Here’s How the Nation’s Crop of Farm Banks Have Been Performing, According to FDIC

WASHINGTON—Farm banks continue to play a vital role in supporting U.S. agricultural producers and rural communities, according to a new FDIC report, which found that while they hold just 2% of all bank loans in the U.S., farm banks hold 44% of all bank-held agricultural loans.

The report, “Farm Banks: Resilience Through Changing Conditions,” was published in the FDIC Quarterly.

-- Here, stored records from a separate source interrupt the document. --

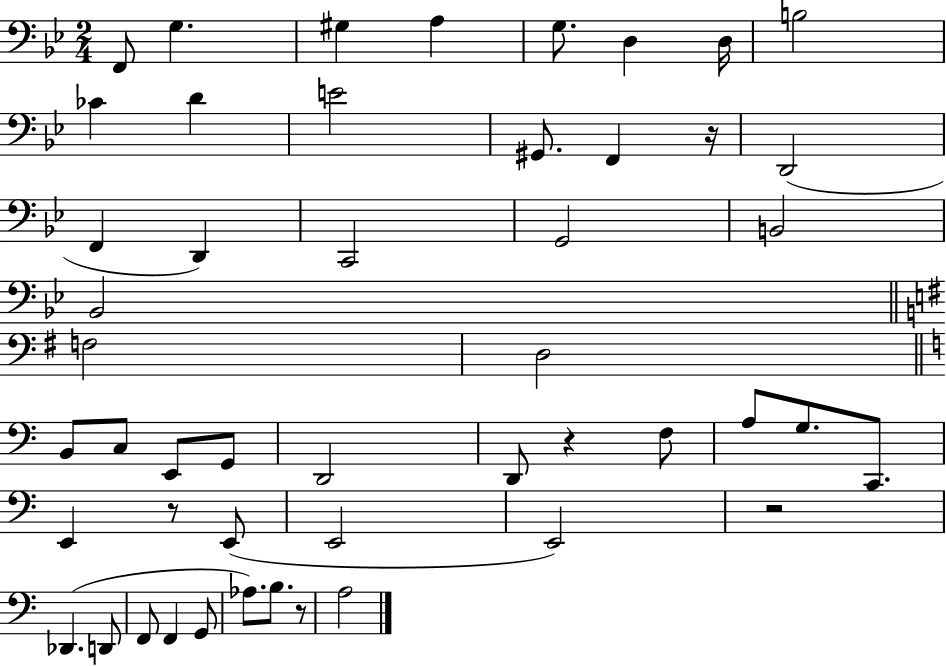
{
  \clef bass
  \numericTimeSignature
  \time 2/4
  \key bes \major
  f,8 g4. | gis4 a4 | g8. d4 d16 | b2 | \break ces'4 d'4 | e'2 | gis,8. f,4 r16 | d,2( | \break f,4 d,4) | c,2 | g,2 | b,2 | \break bes,2 | \bar "||" \break \key g \major f2 | d2 | \bar "||" \break \key c \major b,8 c8 e,8 g,8 | d,2 | d,8 r4 f8 | a8 g8. c,8. | \break e,4 r8 e,8( | e,2 | e,2) | r2 | \break des,4.( d,8 | f,8 f,4 g,8 | aes8.) b8. r8 | a2 | \break \bar "|."
} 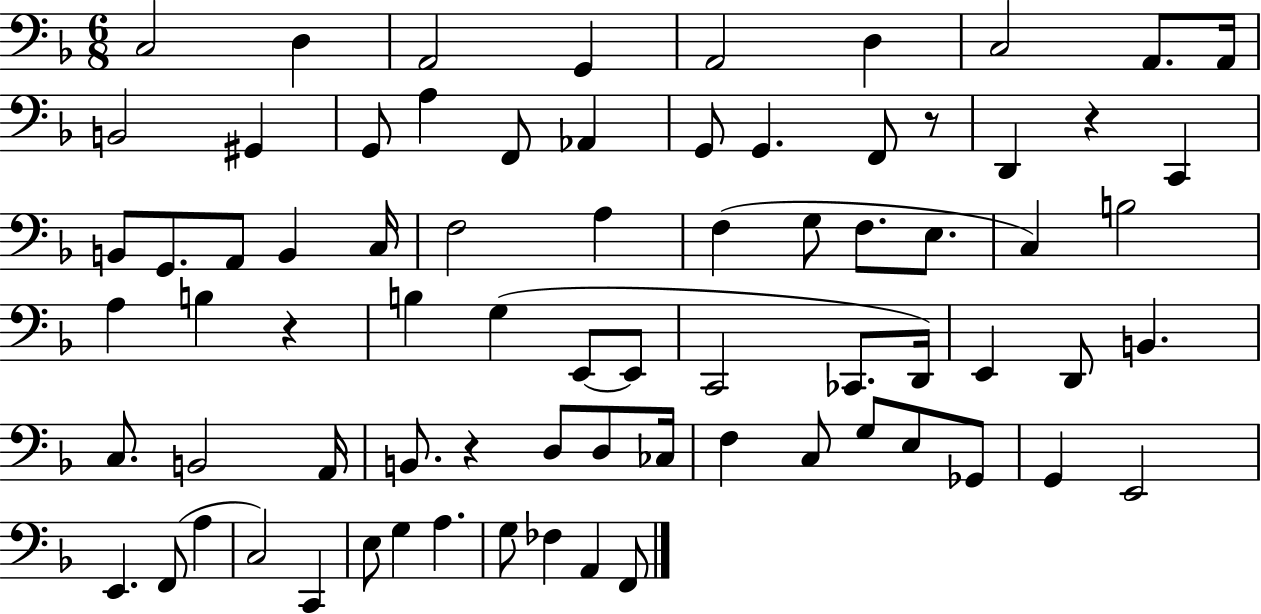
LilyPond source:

{
  \clef bass
  \numericTimeSignature
  \time 6/8
  \key f \major
  c2 d4 | a,2 g,4 | a,2 d4 | c2 a,8. a,16 | \break b,2 gis,4 | g,8 a4 f,8 aes,4 | g,8 g,4. f,8 r8 | d,4 r4 c,4 | \break b,8 g,8. a,8 b,4 c16 | f2 a4 | f4( g8 f8. e8. | c4) b2 | \break a4 b4 r4 | b4 g4( e,8~~ e,8 | c,2 ces,8. d,16) | e,4 d,8 b,4. | \break c8. b,2 a,16 | b,8. r4 d8 d8 ces16 | f4 c8 g8 e8 ges,8 | g,4 e,2 | \break e,4. f,8( a4 | c2) c,4 | e8 g4 a4. | g8 fes4 a,4 f,8 | \break \bar "|."
} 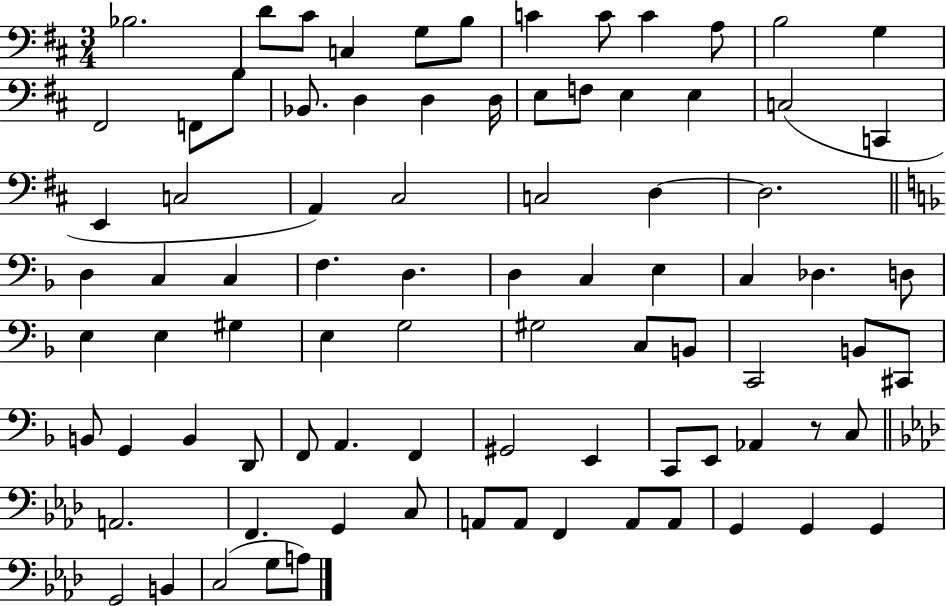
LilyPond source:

{
  \clef bass
  \numericTimeSignature
  \time 3/4
  \key d \major
  bes2. | d'8 cis'8 c4 g8 b8 | c'4 c'8 c'4 a8 | b2 g4 | \break fis,2 f,8 b8 | bes,8. d4 d4 d16 | e8 f8 e4 e4 | c2( c,4 | \break e,4 c2 | a,4) cis2 | c2 d4~~ | d2. | \break \bar "||" \break \key d \minor d4 c4 c4 | f4. d4. | d4 c4 e4 | c4 des4. d8 | \break e4 e4 gis4 | e4 g2 | gis2 c8 b,8 | c,2 b,8 cis,8 | \break b,8 g,4 b,4 d,8 | f,8 a,4. f,4 | gis,2 e,4 | c,8 e,8 aes,4 r8 c8 | \break \bar "||" \break \key aes \major a,2. | f,4. g,4 c8 | a,8 a,8 f,4 a,8 a,8 | g,4 g,4 g,4 | \break g,2 b,4 | c2( g8 a8) | \bar "|."
} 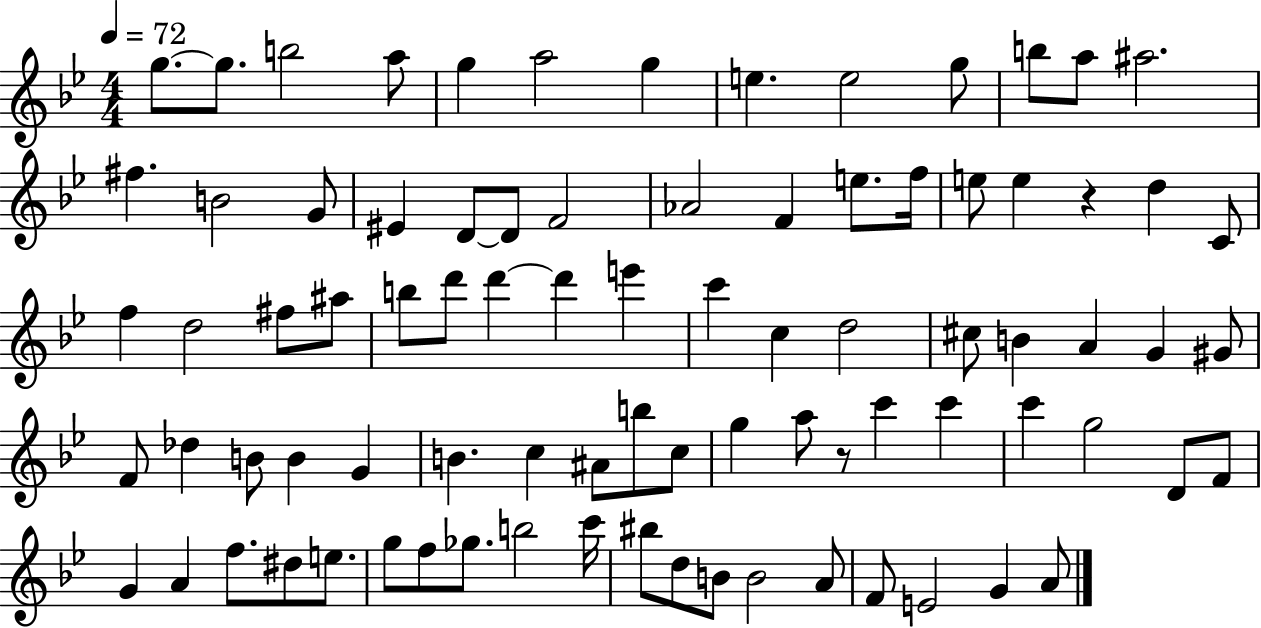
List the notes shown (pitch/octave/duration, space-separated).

G5/e. G5/e. B5/h A5/e G5/q A5/h G5/q E5/q. E5/h G5/e B5/e A5/e A#5/h. F#5/q. B4/h G4/e EIS4/q D4/e D4/e F4/h Ab4/h F4/q E5/e. F5/s E5/e E5/q R/q D5/q C4/e F5/q D5/h F#5/e A#5/e B5/e D6/e D6/q D6/q E6/q C6/q C5/q D5/h C#5/e B4/q A4/q G4/q G#4/e F4/e Db5/q B4/e B4/q G4/q B4/q. C5/q A#4/e B5/e C5/e G5/q A5/e R/e C6/q C6/q C6/q G5/h D4/e F4/e G4/q A4/q F5/e. D#5/e E5/e. G5/e F5/e Gb5/e. B5/h C6/s BIS5/e D5/e B4/e B4/h A4/e F4/e E4/h G4/q A4/e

More specifically, the FDIC said it found that as of year-end 2020:

  • Farm banks, which tend to be small, are geographically concentrated in the upper Midwest. The typical farm bank holds agricultural loans equal to 224% of its capital.
  • A lengthy period of prosperity in agriculture that ended in 2013 was followed by a generally slow, weak recovery. The swings, both positive and negative, were particularly pronounced in the Midwest, the FDIC said.
  • Farm banks have performed well despite the agricultural industry’s challenges since 2014. Although a small subset of farm banks are reporting elevated loan delinquencies, problem loan levels at farm banks overall remain “modest.”
  • Most farmers and farm banks acted with caution with farm real estate lending during the boom in farmland values that accompanied the income boom. “This contrasts with behavior during a similar price boom in the 1970s, and has given farm banks the flexibility to work with financially stressed borrowers by tapping into their farmland equity,” the FDIC said.
  • The COVID-19 pandemic initially looked to be harmful for U.S. agriculture, but record government payments helped forecasted 2020 farm income reach the highest level since 2013. The FDIC report suggests early forecasts suggest that farm income in 2021 will not be as strong as 2020, but may still be above the long-term average.

Additional Findings

In addition, the FDIC said it also found:

  • Deposit growth from June 30, 2019 to June 30, 2020 was driven by policies and programs implemented by U.S. fiscal and monetary authorities to alleviate financial hardship caused by the COVID-19 pandemic, and by an increase in savings as a percentage of income among U.S. households.
  • Noncommunity banks and bank offices located in metropolitan counties reported the highest rates of deposit growth in the year ending June 30, 2020.
  • The number of offices of FDIC-insured institutions declined for the 11th consecutive year, although the rate of decline in the number of offices was lower in 2020 than in the three previous years.
  • The percentage of offices acquired in mergers that were closed by the acquiring institution was lower in 2020 than in any of the previous ten years.
  • The rate of decline in the number of offices was higher in metropolitan counties than in micropolitan and rural counties.
  • The relatively low rate of decline in the number of offices was influenced by the fact that the number of new offices opened was the highest since 2014, and that the number of offices closed was the lowest since 2015.